The Baja David (pronounced in Spanish)

I decided to shorten my run at the Baja Divide after trump was elected--getting the hell out of Mexico before the inauguration. I wasn't as much worried about being the lone gringo during an anti-U.S. protest-turned-riot, although I was worried about that. I was more cringing about the thought of trump saying some kind of awful, racist, anti-Mexican bullshit on the very first day and I'd have to be like, "SORRY ALL OF MEXICO!" I also didn't have enough money for the full trip, turns out.

So January 19th was my exit date. 18 days of riding.

Nicholas Carmen and Lael Wilcox, the ride's founders and organizers, warned that we wouldn't be able to cover much more than 50 miles a day, but I assumed that was just for the slower people.

"60 miles a day, average, times 18? That's 1,080 miles.

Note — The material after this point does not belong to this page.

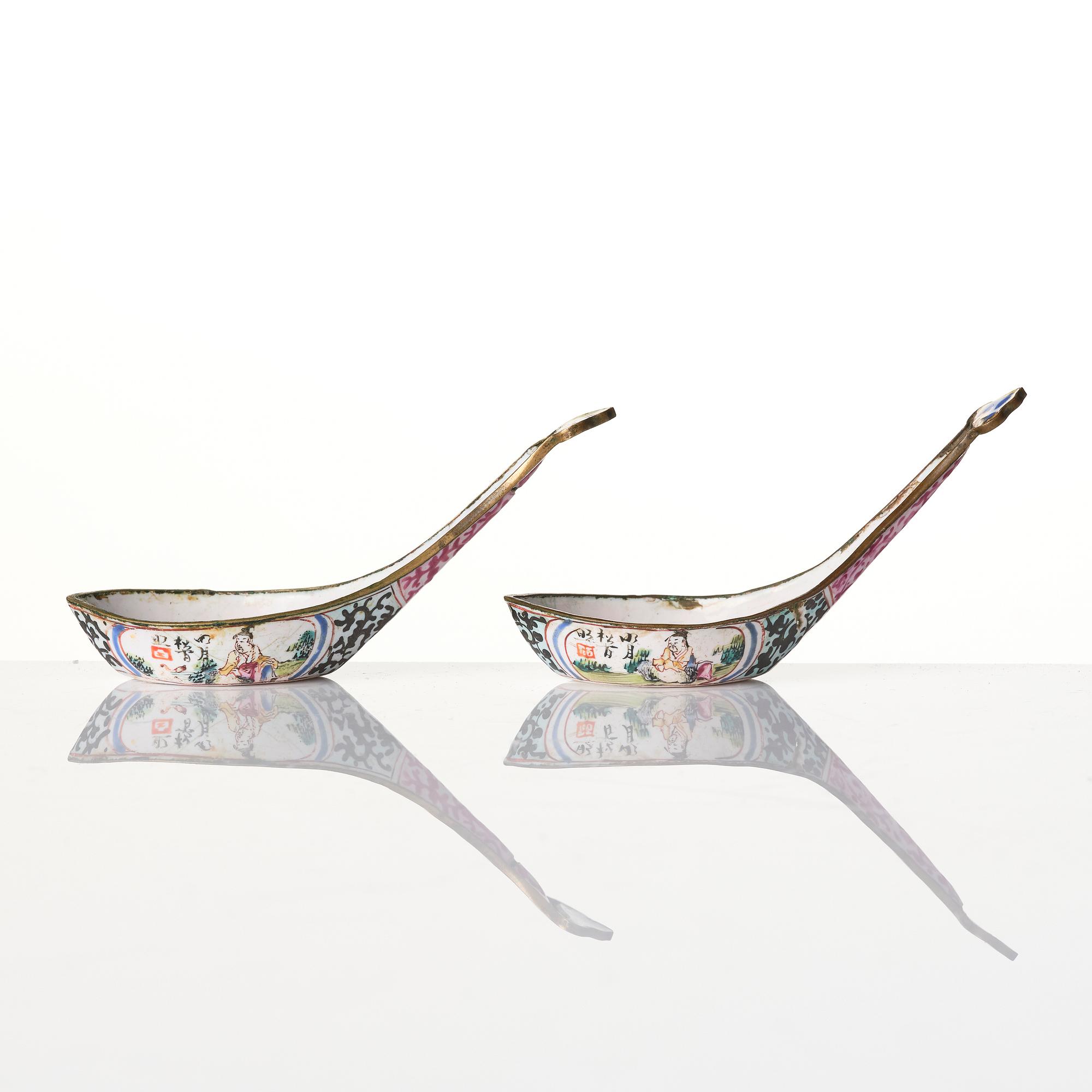 Two Chinese famille rose porcelain dishes and a censer, a pair of enamel spoons, Qing dynasty.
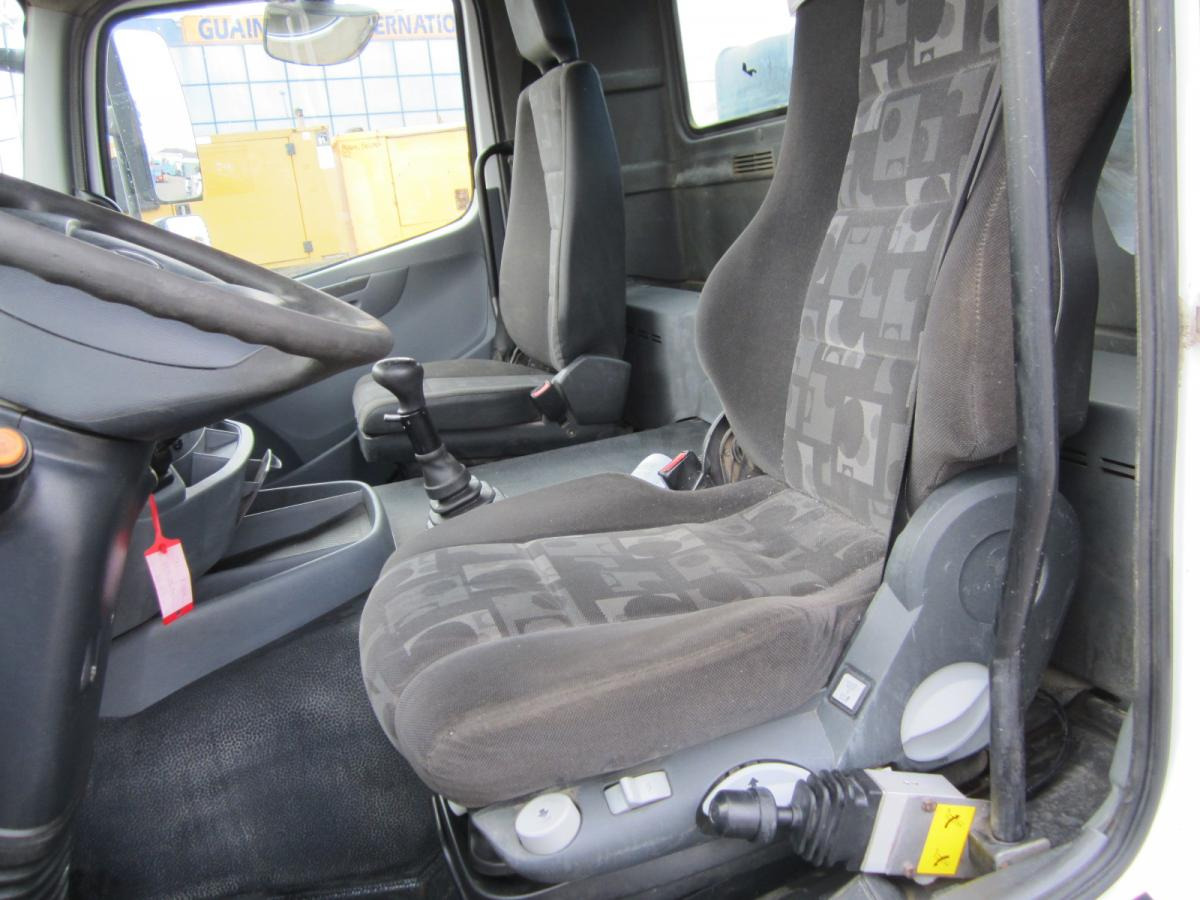 Camion benne Mercedes AXOR 3236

Good enough to get to Loreto if I cheat and ride the highway a little," I thought, so I bought a one-way plane ticket from Loreto to Los Angeles on January 19th.

I never made it to Loreto, never got on my plane, didn't even get close.

The Baja Divide

The Baja Divide route is like a longer version of the Baja 1000, but going 7mph on bikes with 3" tires and about 0.2 horsepower. It's 1,700 miles from San Diego to San Jose del Cabo, with a loop at the bottom that brings you back to Baja Sur's capital La Paz. The route avoids the big cities of Tijuana and Ensenada, going inland for 40 miles to cross at the very chill Tecate border crossing.

Maps, resupply info and everything else you could ever need to know about the route is available at

Baja Facts

  • The Baja peninsula is the second-longest peninsula on Earth--775 miles long.
  • Baja's Pacific coastline is slightly longer than the U.S. state of California's coast.
  • Baja's highest mountain, Picacho del Diablo, is 10,157 ft in elevation.
  • The Baja peninsula is 25 miles wide at its narrowest point.
  • Almost 75% of the combined population of Baja Norte and Baja Sur lives within miles of the U.S. border, mostly in the Tijuana and Mexicali areas. The actual peninsula is sparsely populated.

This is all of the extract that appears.